Of course, Tseng's chief challengers are not likely to be Amanda Blumenherst or Maria Hernandez, who had great collegiate careers but are not quite ready to be prime time players. I believe the following players are the most likely to contend this week on a course that strikes me as Alberta's answer to Evian:

1. Miyazato Ai
2. Pettersen
3. Wie
4. Kerr
5. Tseng
6. Kim, Christina
7. Stanford
8. Ochoa
9. Kim Song-Hee
10. Kim In-Kyung
11. Lee Seon Hwa
12. Shin Ji-Yai

Alts: Hull, Jang Jeong, Webb

I'm particularly excited about the live streaming video schedule, not least because I got to watch the Safeway Classic's home stretch last weekend. With only 2 players with 2 wins on the LPGA this season, and neither playing particularly well lately, there's a great chance this week for the 14 1-time winners to put themselves in the thick of the Player of the Year race, or for one of the LPGA's best players without a member win to join them by taking victory at one of the largest-purse events on the schedule.

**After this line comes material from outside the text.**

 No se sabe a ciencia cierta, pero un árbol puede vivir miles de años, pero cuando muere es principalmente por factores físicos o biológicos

[Update 1 (8:42 pm): Here are Hound Dog's Hot 20 and tournament preview.]

[Update 2 (9/2/09, 5:15 am): Here's Jamie RS's preview.]

6 comments:

IceCat said...

Ummm, about the live streaming, I wouldn't get your hopes up about seeing it unless you can arrange to be north of the border. CBC's coverage is likely to be geoblocked outside of Canada.

Kevin

The Constructivist said...

Wonder if Dunkirk is considered part of Canada for geoblocking purposes? :(

Unknown said...

If you're going to stubbornly going to call the-golfer-formerly-known-as-Ruby anything you couldn't do any worse than do it Taiwanese style... Tseng Ya-Ni would be the most accurate.

And anyway... why can't the golf world get Asian names right? They don't call Mao Zedong Zedong Mao and Hu Jintao isn't Jintao Hu do they?

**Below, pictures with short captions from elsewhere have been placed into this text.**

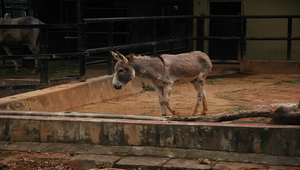 動物園的驢子縮圖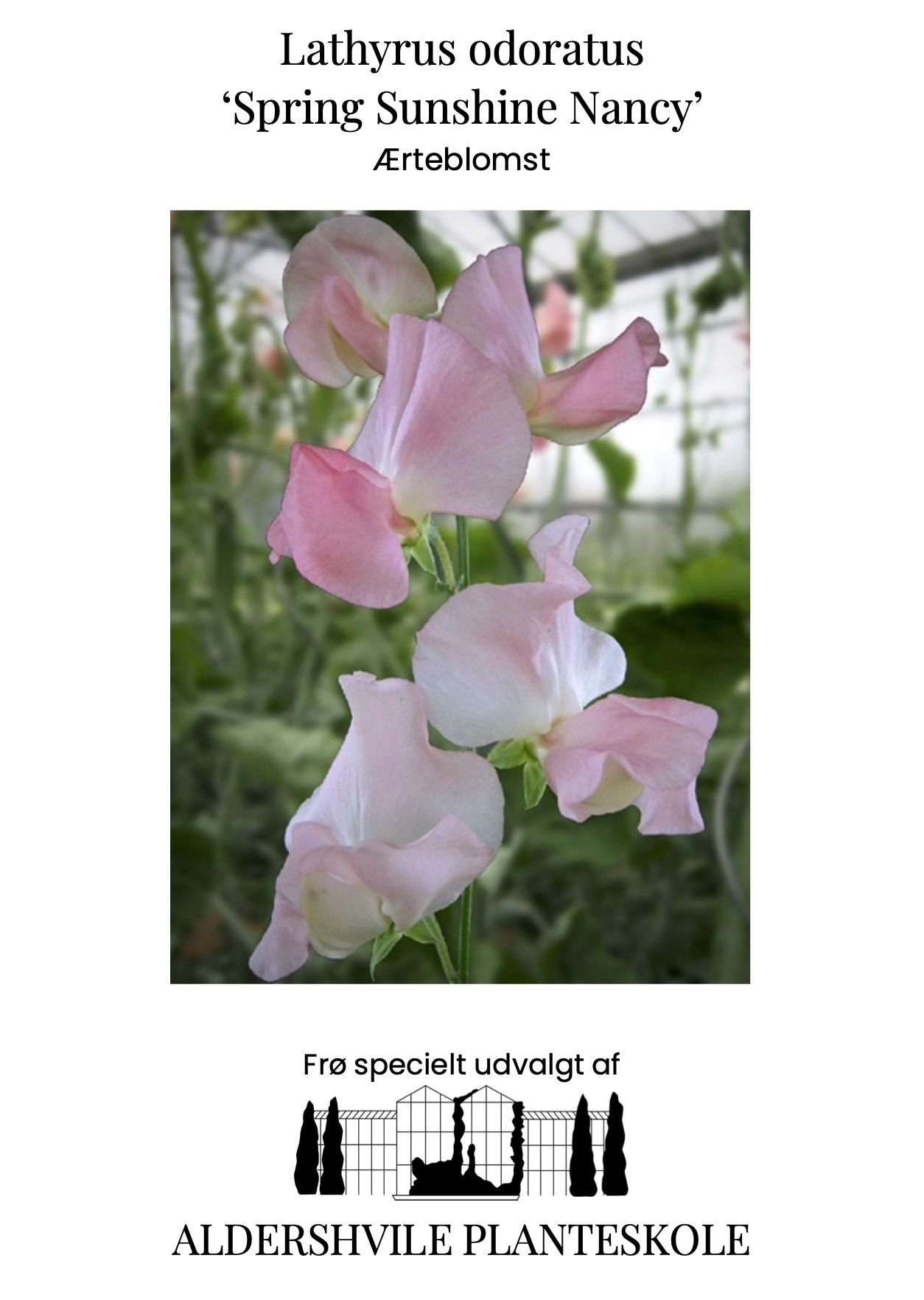 Lathyrus odoratus Spring Sunshine Nancy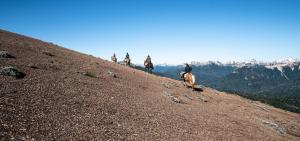 a group of people riding horses up a hill at Hermoso Eco Lodge in San Martín de los Andes +60 photos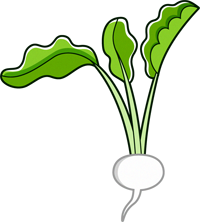 かぶのイラスト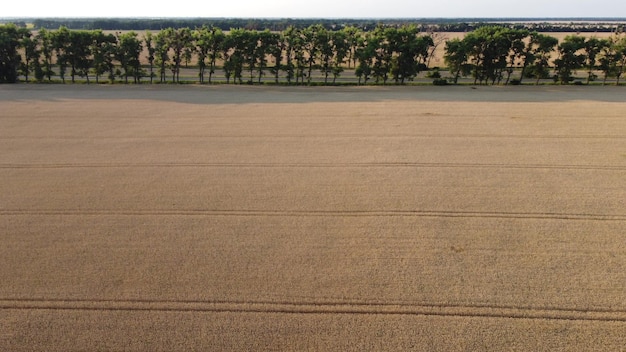 Campo de trigo voando sobre espigas de campo de trigo da estrada de árvores maduras de trigo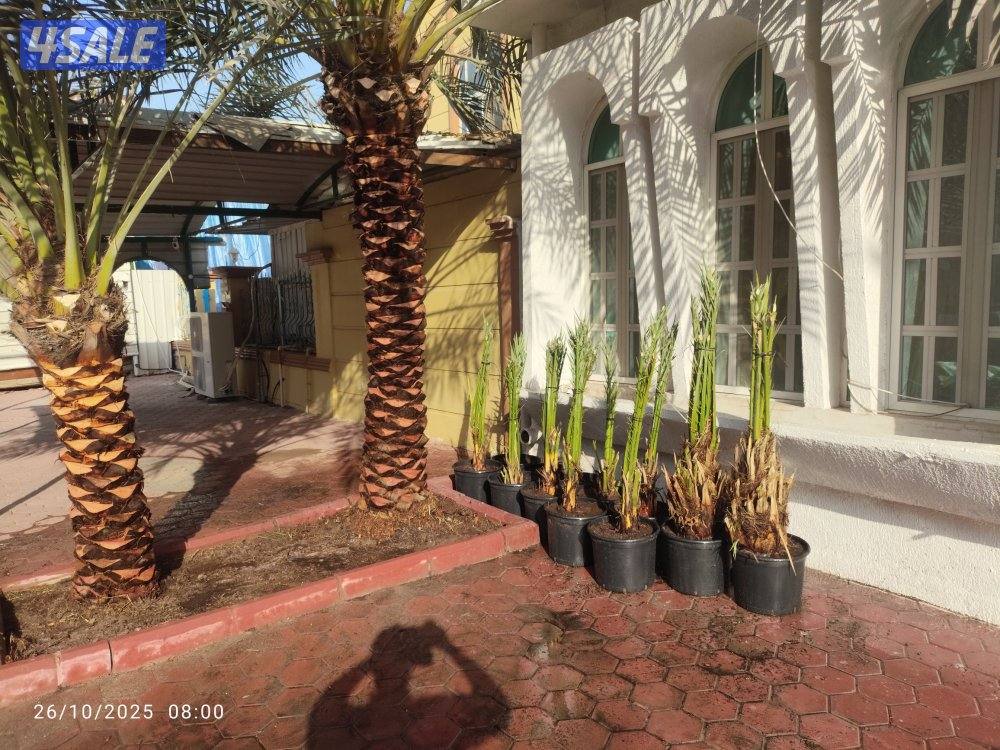 تنظيف نخيل .شيل نخل من مكان الإمكان اخر..بيع وشراء جميع انواع النخيل9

The Constructivist said...

So they like hyphens in Taiwan? Just asking, as some of the folks at Seoul Sisters.com hate to use hyphens in Korean names.

Good point about Mao, there! We are pretty random about Westernizing the given name/family name pairing.

Unknown said...

That's part of the problem... bowing to personal preference is what created the mess we're in... but the reason golf takes Chinese names and hyphenates them comes from the fact that the Taiwanese were the pathfinders.

I find the hyphens are a great way to differentiate Greater China names (Taiwan, Hong Kong... Malaysia, Singapore etc) from Mainland Chinese where the generally accepted form is to join the two given names together.

I know... anal... but as you can imagine it was the only solution back in the day when I was running the Asian Football Confederation publications.

The Constructivist said...

Ah, so "Yani" is both an Americanization and a hat tip to mainland Chinese transliteration practices? Veddy interesting!